Wanneer een land- of tuinbouwperceel gelegen is naast een woongebied, kunnen de omwonenden rechtstreeks of onrechtstreeks in contact komen met verwaaiende spuitnevels, bijvoorbeeld via inademing of door contact met het gras of met voorwerpen in de tuin waarop de spuitnevel is terechtgekomen. Ook voorbijgangers op een weg die grenst aan een akker of boomgaard kunnen aan spuitnevels worden blootgesteld.

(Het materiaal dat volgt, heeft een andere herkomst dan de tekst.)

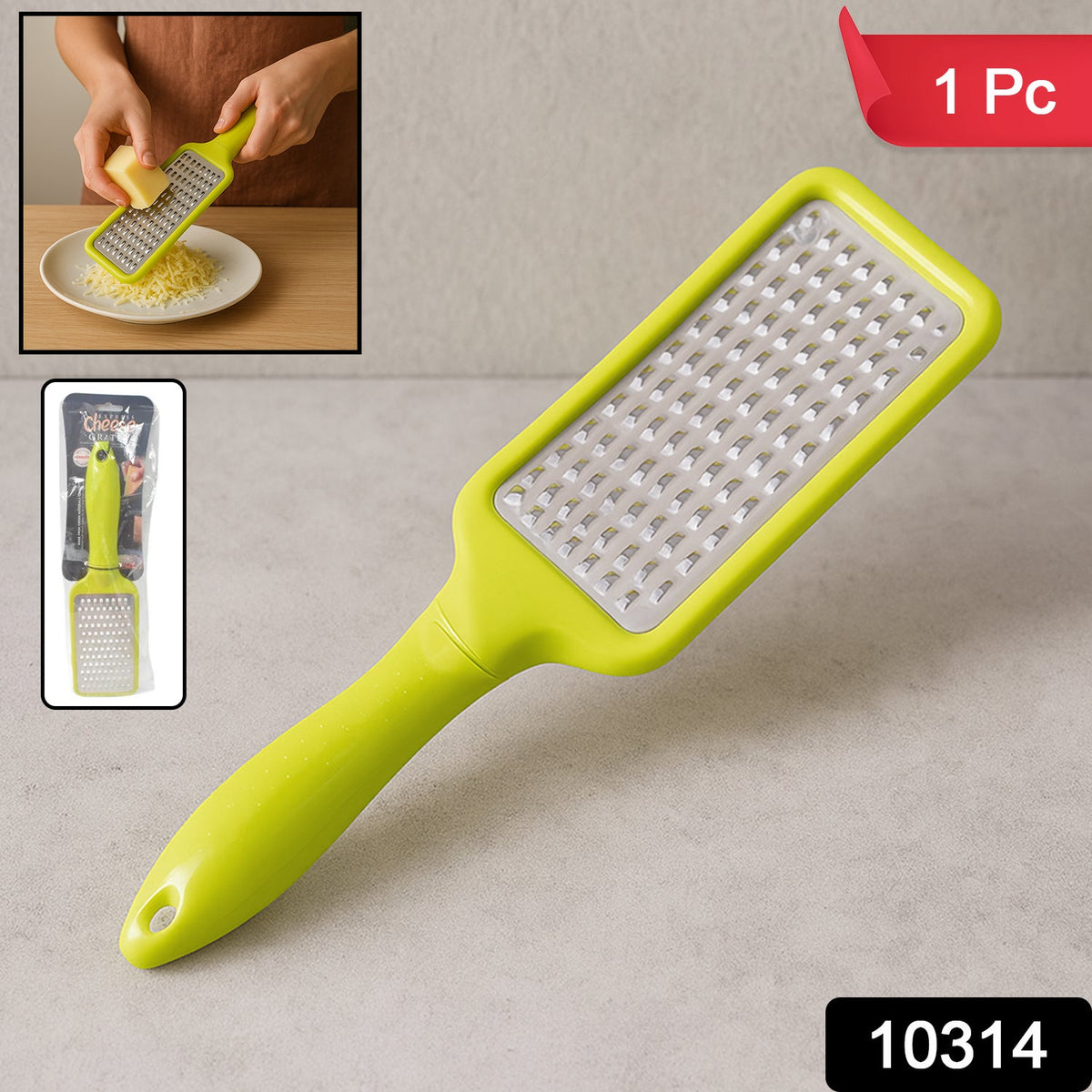 Stainless Steel Kitchen Grater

De risico’s voor omwonenden en voorbijgangers worden voor elk gewasbeschermingsmiddel beoordeeld als onderdeel van het toelatingsproces, voordat het middel op de markt mag komen. De berekeningsmodellen gaan ervan uit dat een omwonende of voorbijganger zich in het slechtste geval op minstens 2 à 3 meter van de spuitmachine kan bevinden in het geval van neerwaartse bespuitingen, zowel tijdens als na de bespuiting. In het geval van opwaartse of zijwaartse bespuitingen in boomgaarden wordt uitgegaan van minstens 5 meter afstand tussen de rand van de boomgaard en de plaats waar de omwonende of voorbijganger zich bevindt. Als uit de risicobeoordeling blijkt dat het gebruik niet veilig is op deze afstanden, dan wordt het gewasbeschermingsmiddel in België niet toegelaten.*
De risico’s worden beoordeeld door experten van onze dienst, de dienst Gewasbeschermingsmiddelen en Bemestingsproducten. De risicobeoordeling houdt rekening met verschillende mogelijke blootstellingswegen. Enerzijds beoordelen de experten de rechtstreekse blootstelling aan verwaaiende spuitnevels op het moment van de toepassing, met name via contact met de huid en via inademing. Anderzijds evalueren zij ook de onrechtstreekse blootstelling van de huid door contact met oppervlakken (gras of voorwerpen) waarop de verwaaide spuitnevel is terechtgekomen. De evaluatie houdt bovendien rekening met mogelijke orale blootstelling bij kinderen, die kan optreden wanneer een kind bijvoorbeeld het gras of een voorwerp dat in contact kwam met het gras aanraakt, en vervolgens een handje of dit voorwerp in de mond stopt. Daarnaast beoordelen de experten de blootstelling via inademing van vervluchtigde residuen, aanwezig in de lucht door verdamping na de toepassing van het gewasbeschermingsmiddel. Tenslotte wordt ook de mogelijke blootstelling bij het kortstondig betreden van een behandeld perceel in rekening gebracht.
Sommige gewasbeschermingsmiddelen hebben een sterke geur, die ook na de toepassing nog een tijdje blijft hangen. Er is geen rechtstreeks verband tussen de geur en het gezondheidsrisico voor mensen die zich in de buurt van het bespoten veld bevinden.
De risicobeoordeling garandeert dus dat alle in België toegelaten gewasbeschermingsmiddelen veilig gebruikt kunnen worden vanaf een afstand van 2 à 3 meter van omwonenden en voorbijgangers, en 5 meter in het geval van boomgaarden.*
Binnen het NAPAN, het Nationaal Actieplan voor de Reductie van Pesticiden, is een project (Bel. 3.7.1) gewijd aan het overleg rond de maatregelen ter bescherming van omwonenden en voorbijgangers. Dit overleg is gericht op uitwisseling van informatie tussen de federale en gewestelijke overheden en reflectie over zowel de bestaande maatregelen als nieuwe beleidsinitiatieven. Lees er hier meer over.
* Met uitzondering van enkele gewasbeschermingsmiddelen die slechts onder zeer strikte voorwaarden mogen toegepast worden door houders van een fytolicentie Ps, waarbij specifieke bufferzones gerespecteerd moeten worden.